What to work on:
The material below holds the lines to copy: from the one with "Another selection. A" up to and including the one with "So go through". Copy them exactly and skip the pictures.

Extracted entries:

═══

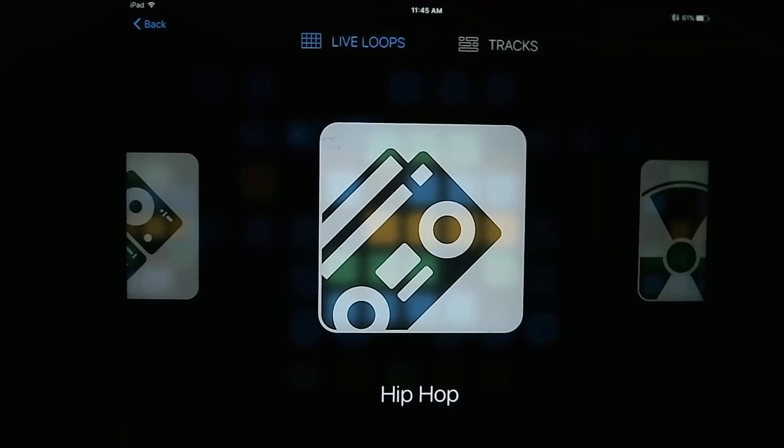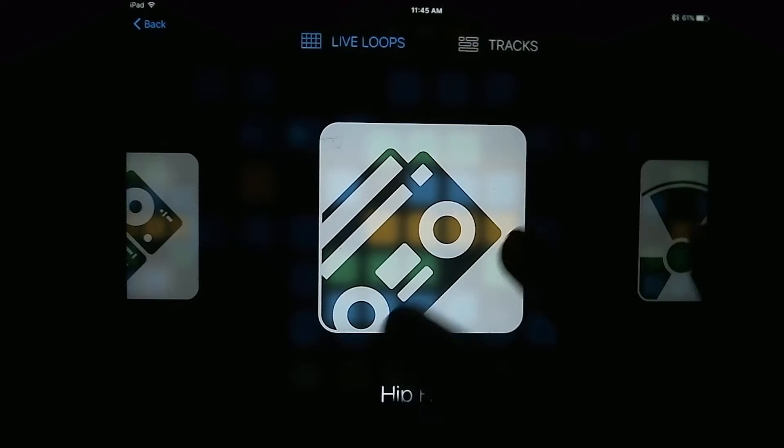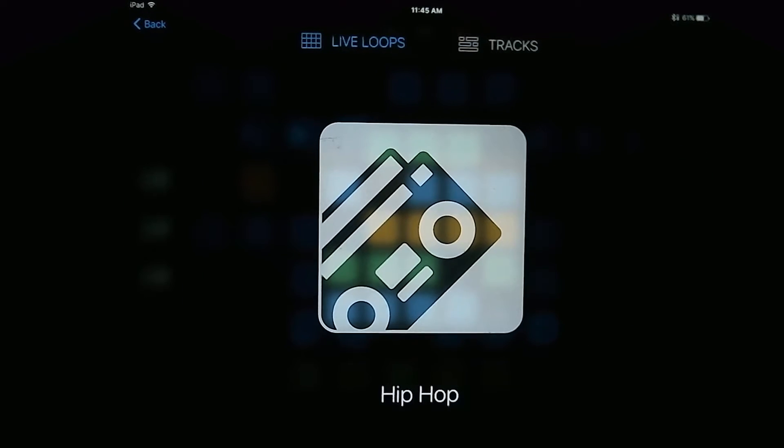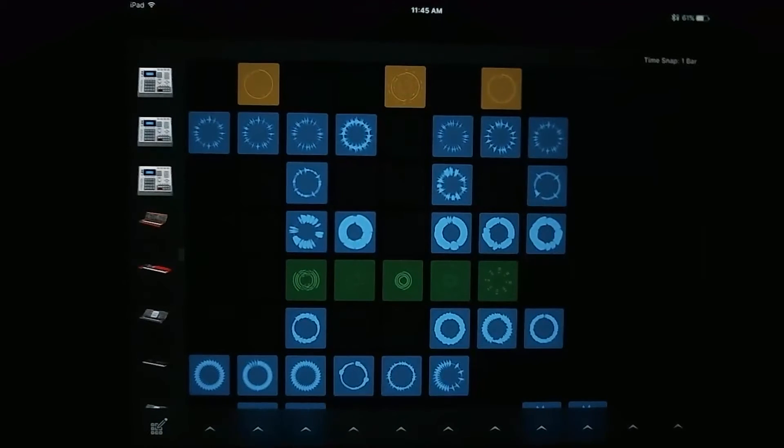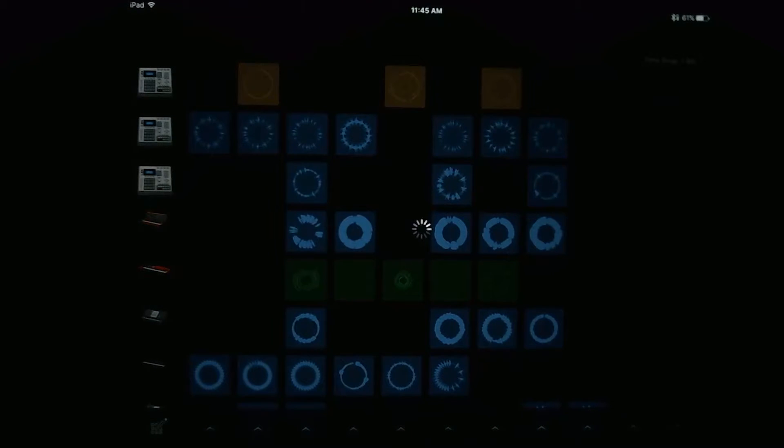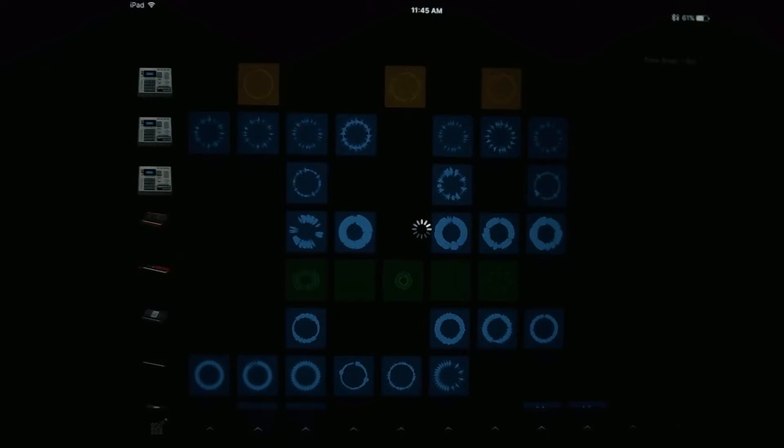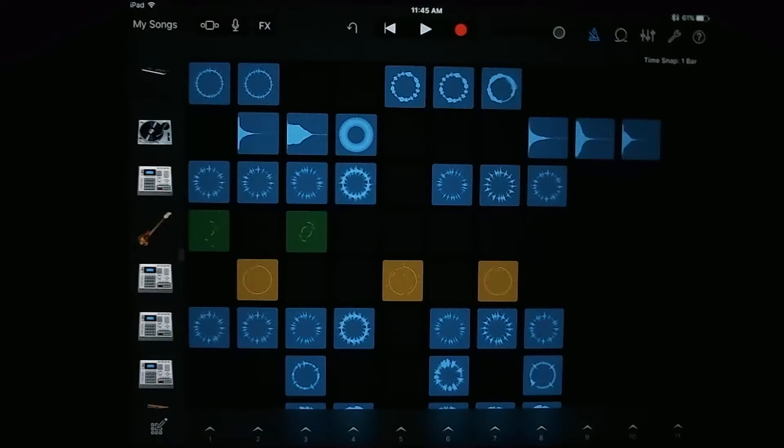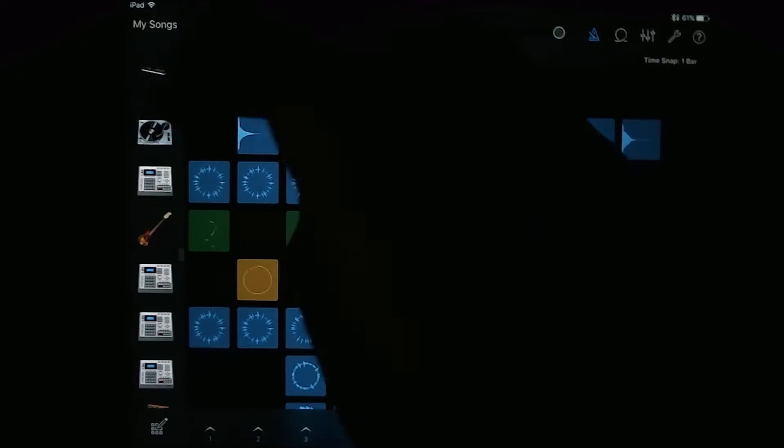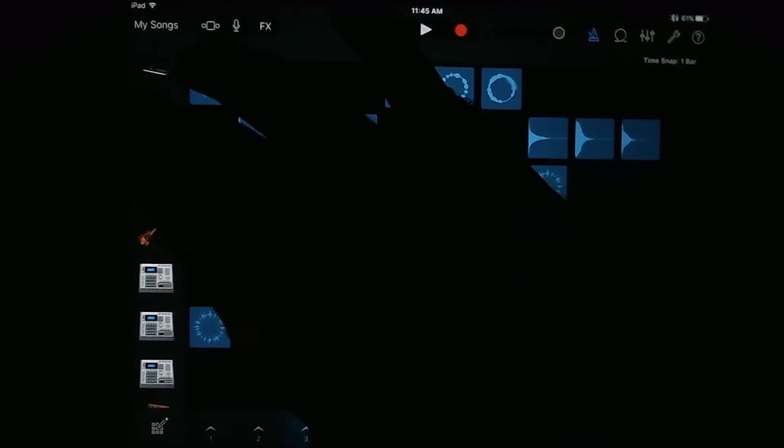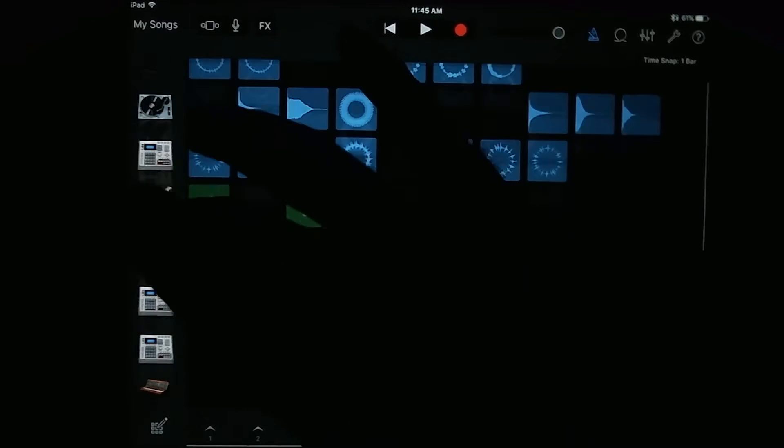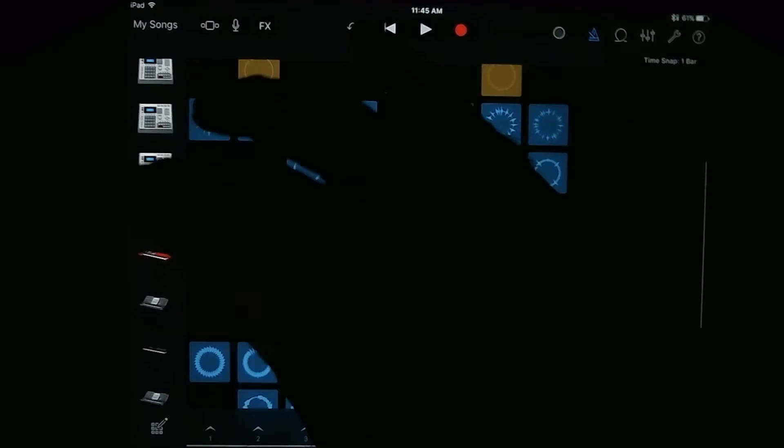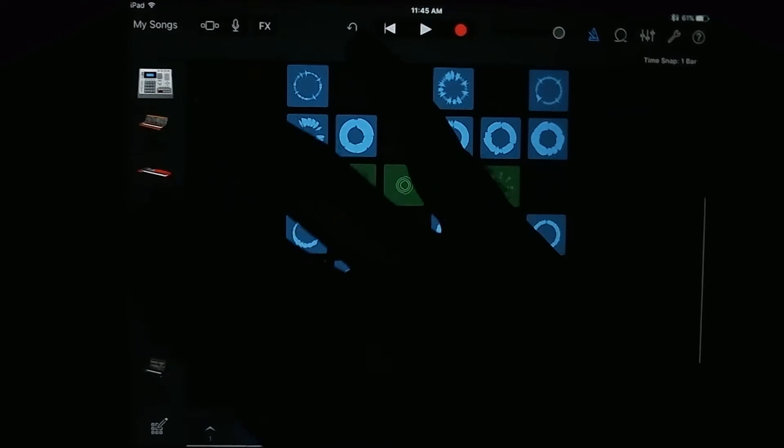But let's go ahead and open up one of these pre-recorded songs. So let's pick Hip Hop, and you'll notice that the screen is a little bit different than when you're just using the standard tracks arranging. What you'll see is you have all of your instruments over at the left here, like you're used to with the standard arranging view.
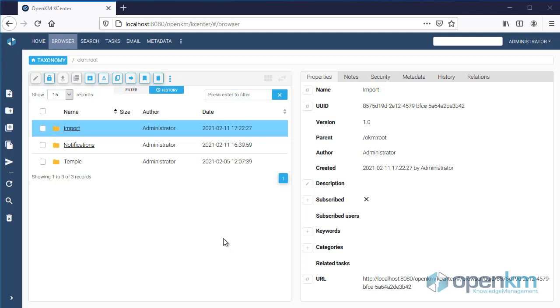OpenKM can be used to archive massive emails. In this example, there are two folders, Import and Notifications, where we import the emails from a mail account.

═══

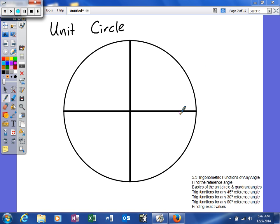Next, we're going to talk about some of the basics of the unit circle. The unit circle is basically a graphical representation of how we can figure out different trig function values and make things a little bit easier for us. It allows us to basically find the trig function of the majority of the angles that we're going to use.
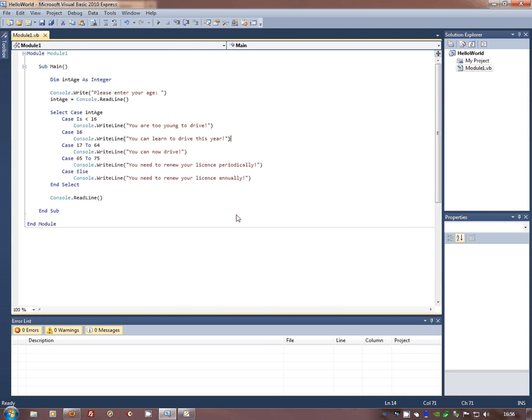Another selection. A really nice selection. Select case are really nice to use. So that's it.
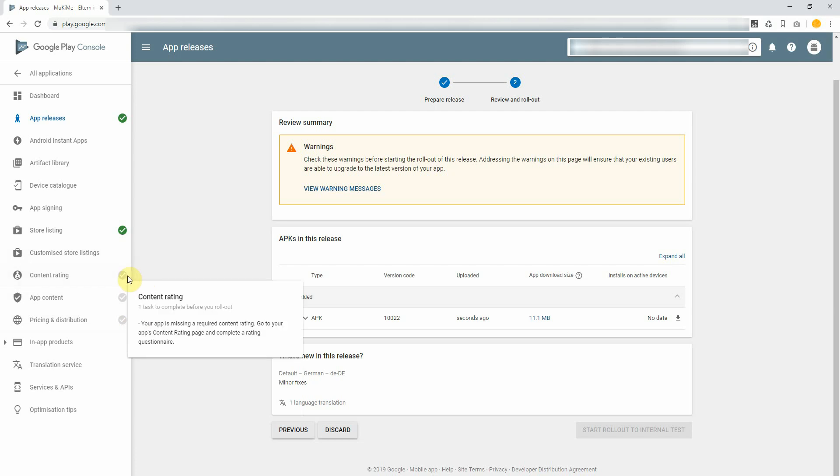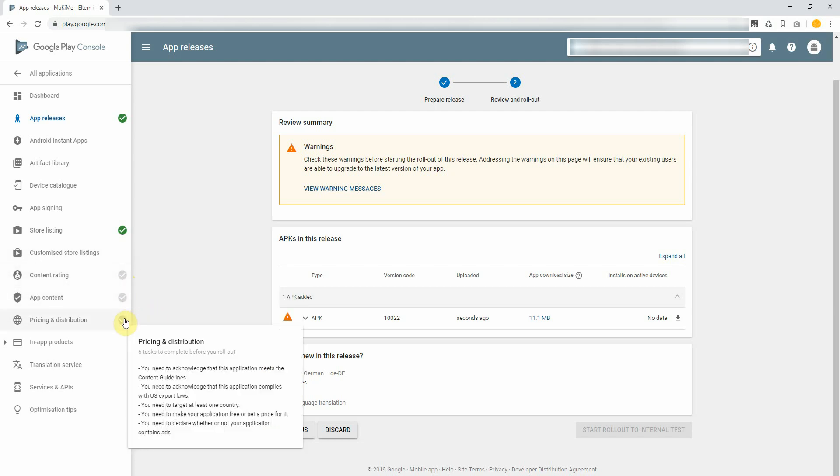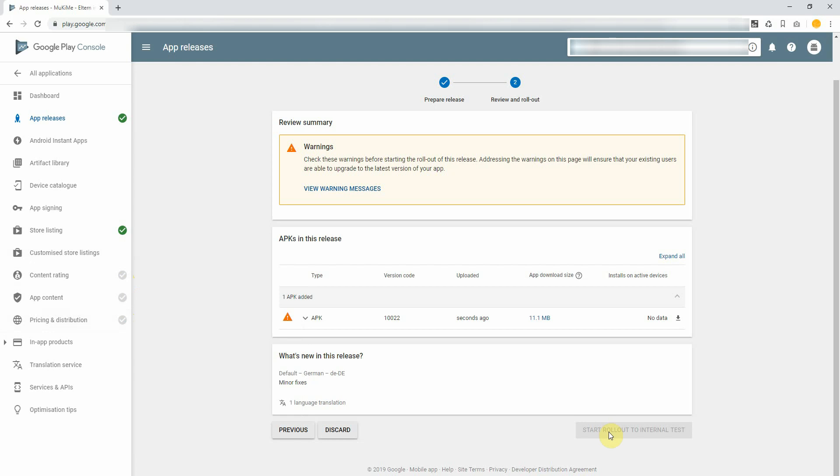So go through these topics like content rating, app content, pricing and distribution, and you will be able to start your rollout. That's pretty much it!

═══

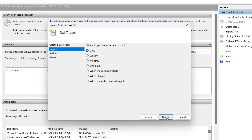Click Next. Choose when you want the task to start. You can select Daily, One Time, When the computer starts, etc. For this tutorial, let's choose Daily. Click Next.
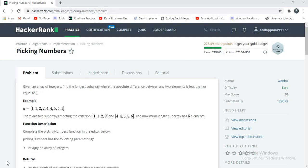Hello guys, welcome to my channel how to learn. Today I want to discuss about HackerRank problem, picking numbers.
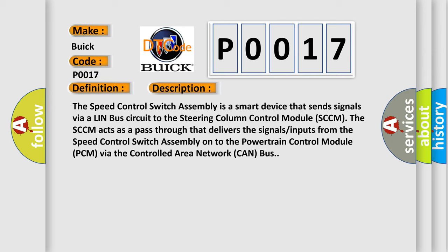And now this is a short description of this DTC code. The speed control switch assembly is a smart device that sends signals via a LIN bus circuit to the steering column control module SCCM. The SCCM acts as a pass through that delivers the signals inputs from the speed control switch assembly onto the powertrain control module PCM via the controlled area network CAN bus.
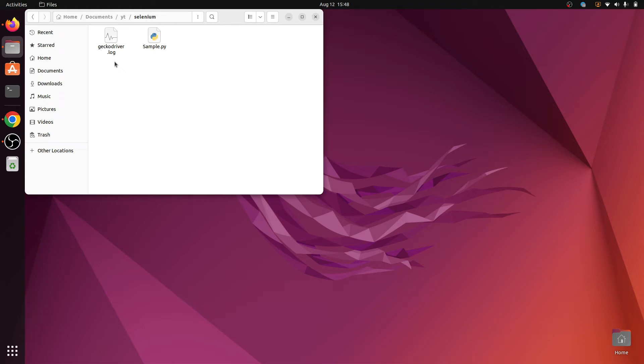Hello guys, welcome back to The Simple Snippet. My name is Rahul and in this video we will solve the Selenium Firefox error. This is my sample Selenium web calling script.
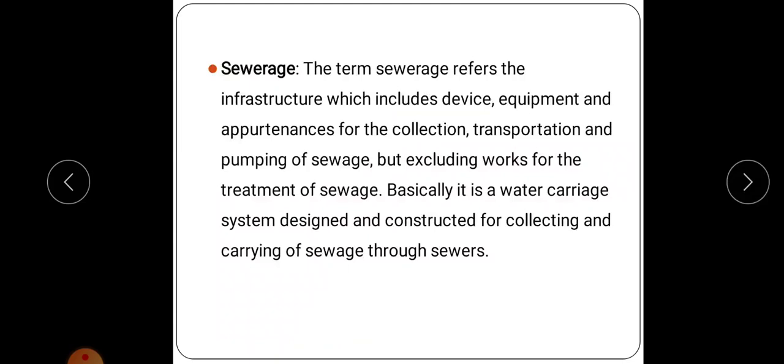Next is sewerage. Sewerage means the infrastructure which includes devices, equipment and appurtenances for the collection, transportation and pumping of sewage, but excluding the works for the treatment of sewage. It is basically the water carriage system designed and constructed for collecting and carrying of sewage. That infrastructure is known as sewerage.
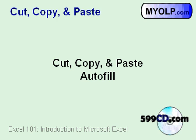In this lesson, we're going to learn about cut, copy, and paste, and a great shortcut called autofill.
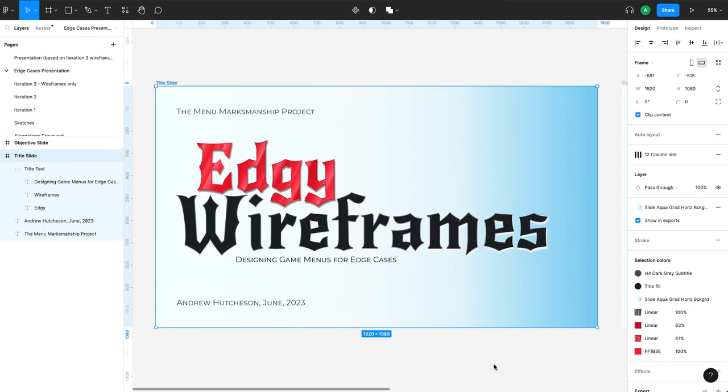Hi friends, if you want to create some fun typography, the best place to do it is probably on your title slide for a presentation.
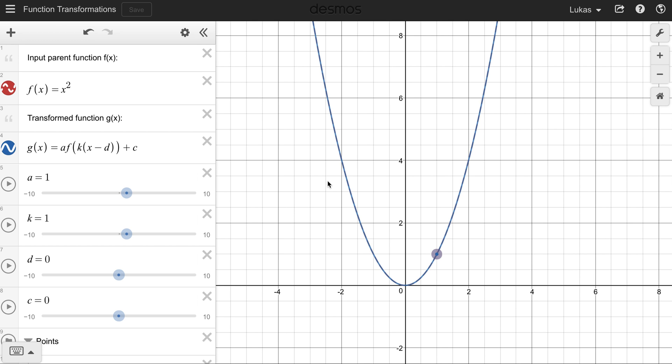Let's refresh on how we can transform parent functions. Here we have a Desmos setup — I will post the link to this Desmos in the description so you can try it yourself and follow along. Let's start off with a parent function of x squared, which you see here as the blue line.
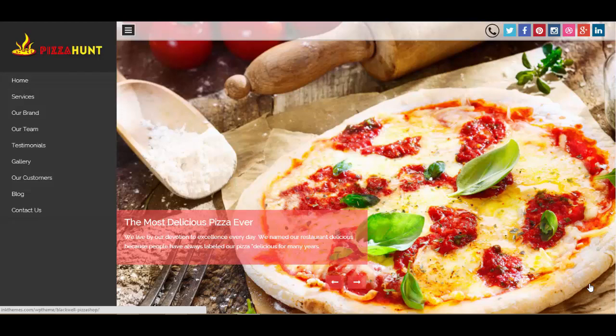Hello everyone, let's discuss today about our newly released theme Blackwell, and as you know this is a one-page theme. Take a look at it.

═══

Result:
Another selection. A really nice selection. Select case are really nice to use. So that's it.
So go through these topics like content rating, app content, pricing and distribution, and you will be able to start your rollout. That's pretty much it!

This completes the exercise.